Qui peut intervenir, et avec quelles garanties ?
- Les entreprises de traitement affichent le plus souvent des certifications volontaires (CTB-A+ pour la construction neuve, CTB-P+ pour le traitement curatif), gages de compétence technique et de conformité aux cahiers des charges FCBA, mais ces certifications ne sont pas une obligation légale en tant que telle — seule la certification Cofrac des diagnostiqueurs et le Certibiocide des applicateurs de biocides sont juridiquement exigés.
- Les traitements curatifs professionnels sont généralement assortis d’une garantie contractuelle (souvent annoncée sur 10 ans par les entreprises), distincte de la garantie décennale du constructeur qui, elle, couvre les désordres affectant la solidité de l’ouvrage.
- Pour une construction neuve, l’absence ou la non-conformité du dispositif anti-termites imposé par l’arrêté du 27 juin 2006 peut engager la responsabilité du constructeur au titre des garanties légales (parfait achèvement, biennale, décennale selon la nature du désordre constaté).
Ce qu’il faut retenir
| Situation | Obligation principale | Texte de référence |
|---|---|---|
| Vente en zone à risque | État relatif à la présence de termites, valable 6 mois, intégré au DDT | Art. L.133-6, R.271-5 CCH ; norme NF P03-201 |
| Construction neuve en zone à risque | Barrière physique, physico-chimique ou dispositif contrôlable + notice technique remise au maître d’ouvrage | Décret 2006-591 ; arrêté du 27 juin 2006 modifié |
| Découverte de termites | Déclaration en mairie sous 1 mois | Art. L.133-4 CCH |
| Démolition d’un bâtiment infesté | Incinération/traitement des bois, déclaration des travaux sous 1 mois | Art. R.133 CCH |
| Traitement curatif | Injection biocide ou pièges-appâts, par applicateur titulaire du Certibiocide | Réglementation biocides (UE) ; arrêtés d’AMM |
Face à un risque qui progresse géographiquement et à une réglementation biocide en mouvement constant, la meilleure protection reste la vigilance en amont : consulter systématiquement l’arrêté préfectoral en vigueur pour sa commune (et non une carte générale, qui peut être datée), faire réaliser un diagnostic par un professionnel certifié dès le moindre doute, et s’assurer, en cas de travaux, que le produit ou le dispositif utilisé dispose bien d’une autorisation valide à la date de l’intervention.
Principales sources
- Légifrance — Code de la construction et de l’habitation, Chapitre III : Lutte contre les termites et la mérule (art. L.133-1 à L.133-9)

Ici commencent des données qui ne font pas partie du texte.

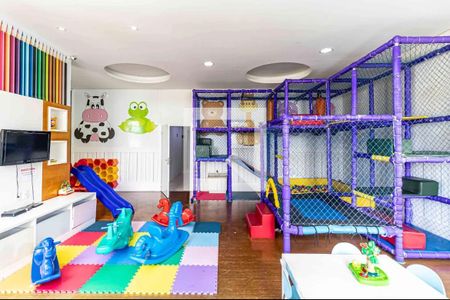 Apartamento à venda com 189m², 3 quartos e 3 vagas Apartamento à venda com 189m², 3 quartos e 3 vagasBrinquedoteca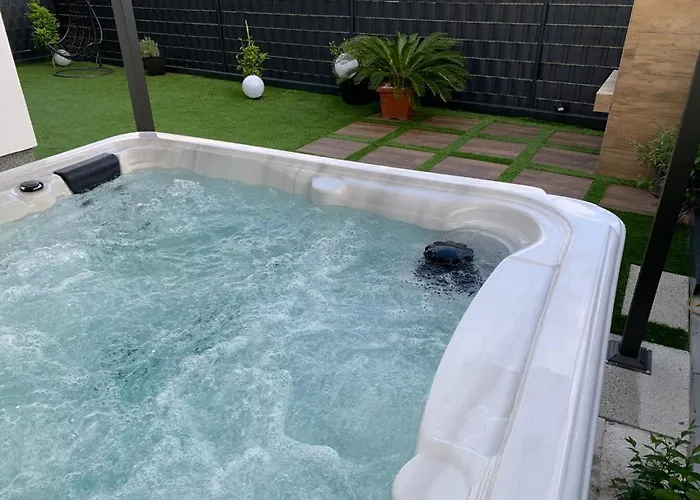 Hedonist-luxury 2 Bedroom With Private Hot Tub, Garden And Free Parking * Trogir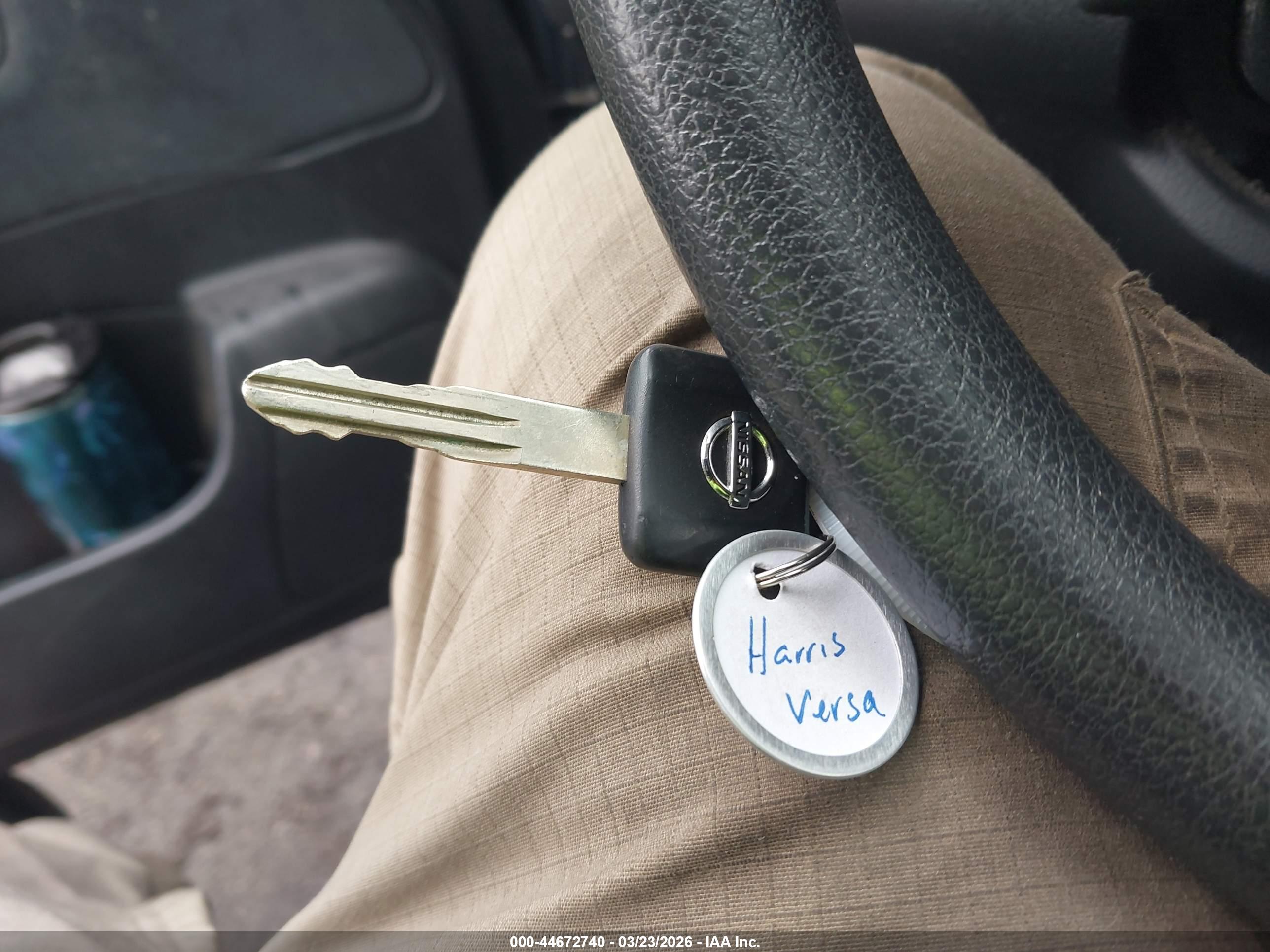 NISSAN VERSA image 11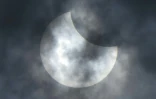 La lune s'engage devant le soleil au début de l'éclipse "cercle de feu" à Djakarta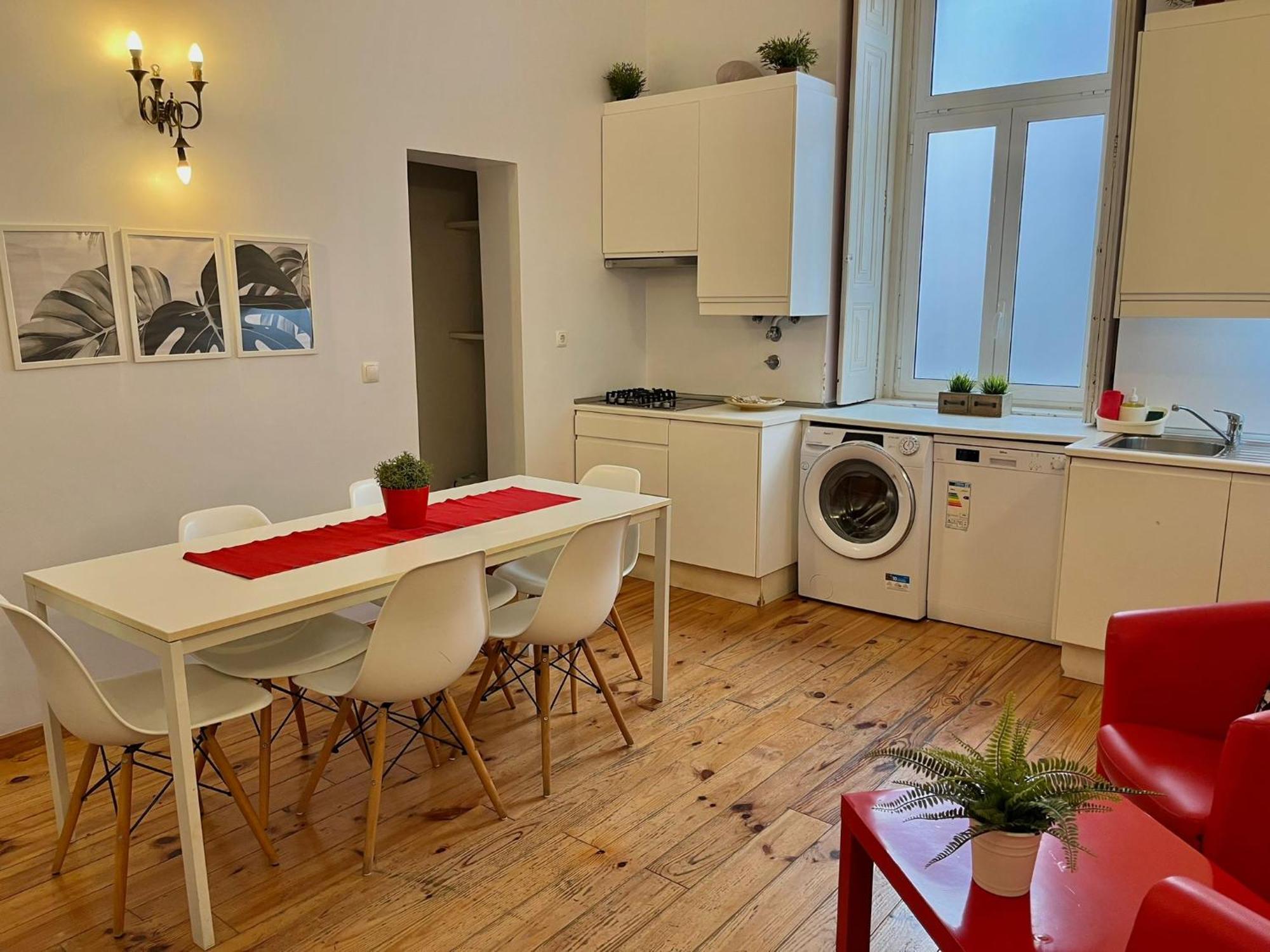 3 Bedroom, 2 Bathroom - Palma Residence Лиссабон Экстерьер фото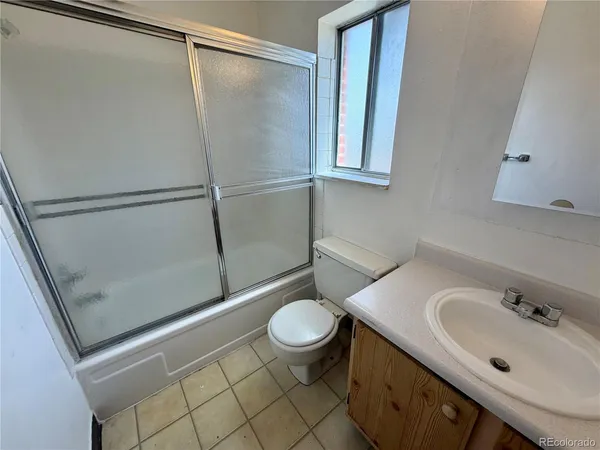 $995 | 1080 South Eliot Street, Unit 302, Denver, CO 80219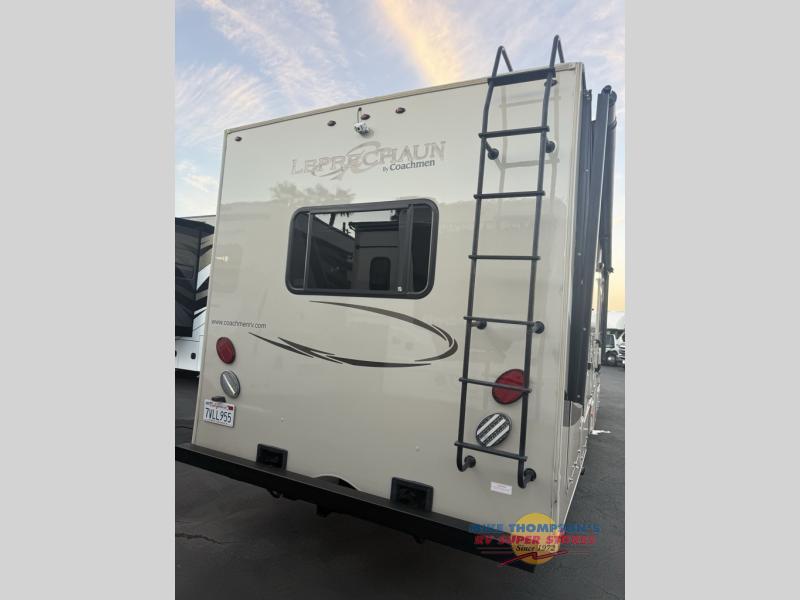 RV listing image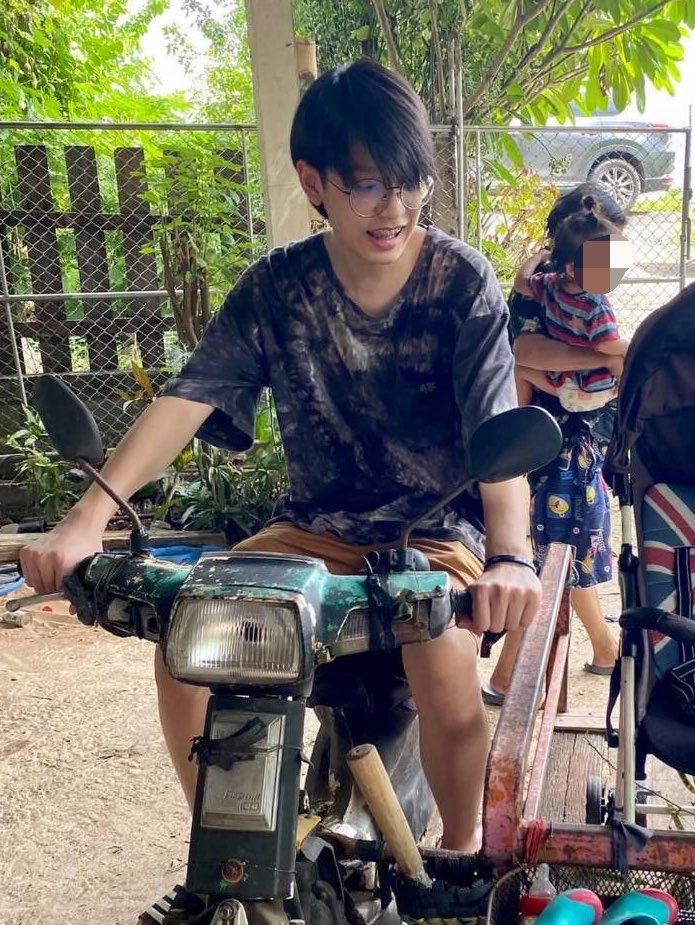deurimdeem's tweet photo. ถ้าวันนี้ไม่เห็นค่า                    กลับมาวันหน้าก็ได้นะ https://t.co/F0keXB6bbr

- Légifrance — Arrêté du 8 avril 2025 autorisant par dérogation la mise à disposition sur le marché du produit biocide « TERMIDOR SC »
- AFNOR Normalisation — Page thématique Termites
- Observatoire National Termite — Réglementation
- CTB-A+ — La loi de protection des nouveaux bâtiments contre les termites.
- Sénat — Question écrite n° 100212266 sur les barrières anti-termites
- Anticimex — Réglementation termites 2026
- Termites sur wikipédia
Cet article a une vocation informative générale et ne remplace pas une consultation de l’arrêté préfectoral applicable à votre commune, ni l’avis d’un diagnostiqueur certifié ou d’un professionnel du traitement biocide.